• **WHAT IS REQUIRED**:
Each line, starting at the one with "糸リフトの継続施術について長期的な効果を検討する女性" and running to the end of the data below, is to be set down again exactly, both ends included; leave pictures out.

• **INFORMATION SHOWN**:
=====

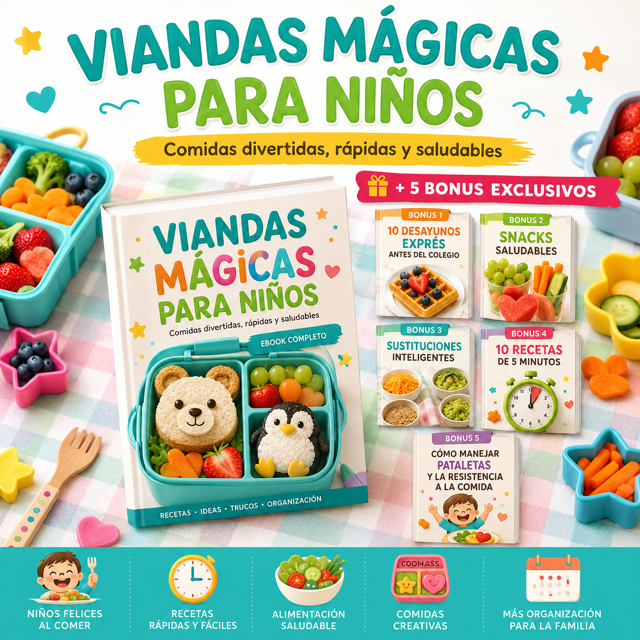 Viandas Mágicas para Niños Comidas Divertidas, Rápidas y Saludables + 5 Bonus de Regalo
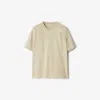Burberry Equestrian Knight-patch Cotton T-shirt In Safari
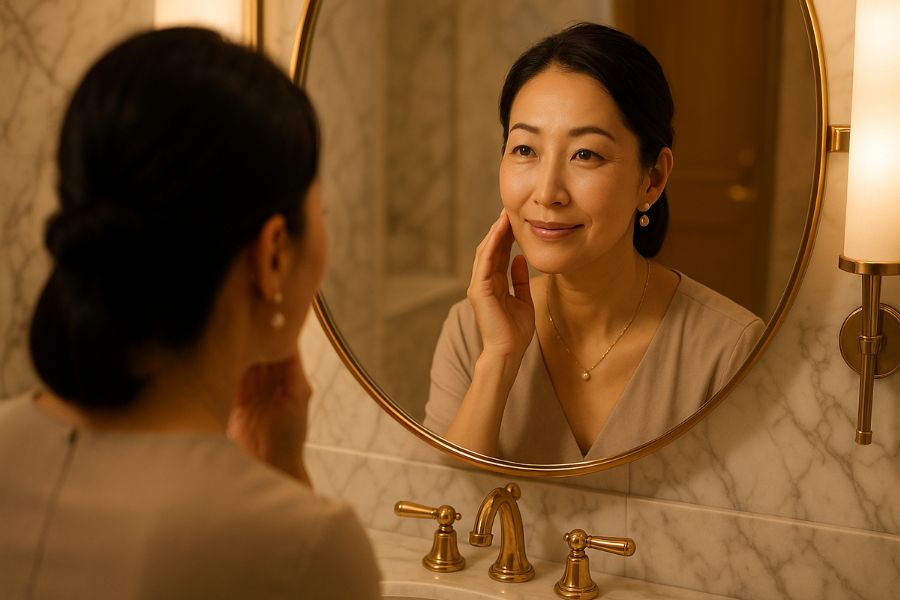 糸リフトの継続施術について長期的な効果を検討する女性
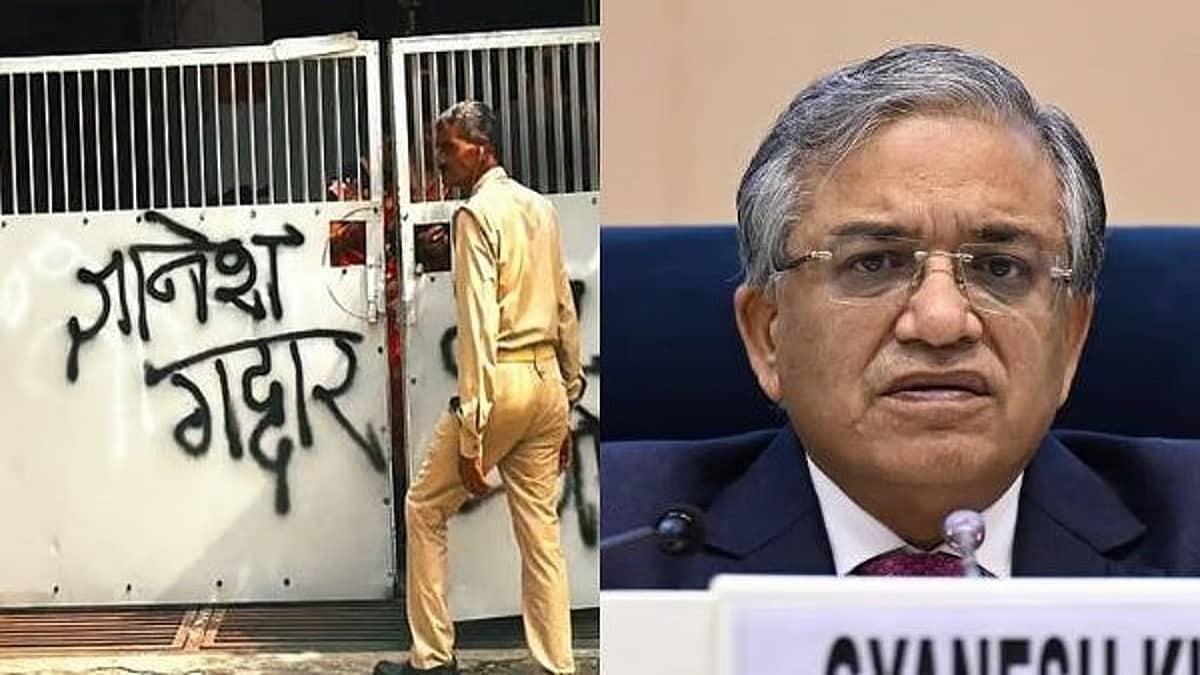 CEC ಮನೆ ಗೇಟ್ ಮೇಲೆ 'ಗದ್ದರ್ ಜ್ಞಾನೇಶ್' ಬರಹ: 20 ಕಾಂಗ್ರೆಸ್ ಕಾರ್ಯಕರ್ತರ ವಿರುದ್ಧ ಕೊಲೆ ಯತ್ನ ಕೇಸ್; 6 ಮಂದಿ ಬಂಧನ!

=====

• **ANSWER SECTION**:
 糸リフトの継続施術について長期的な効果を検討する女性
 CEC ಮನೆ ಗೇಟ್ ಮೇಲೆ 'ಗದ್ದರ್ ಜ್ಞಾನೇಶ್' ಬರಹ: 20 ಕಾಂಗ್ರೆಸ್ ಕಾರ್ಯಕರ್ತರ ವಿರುದ್ಧ ಕೊಲೆ ಯತ್ನ ಕೇಸ್; 6 ಮಂದಿ ಬಂಧನ!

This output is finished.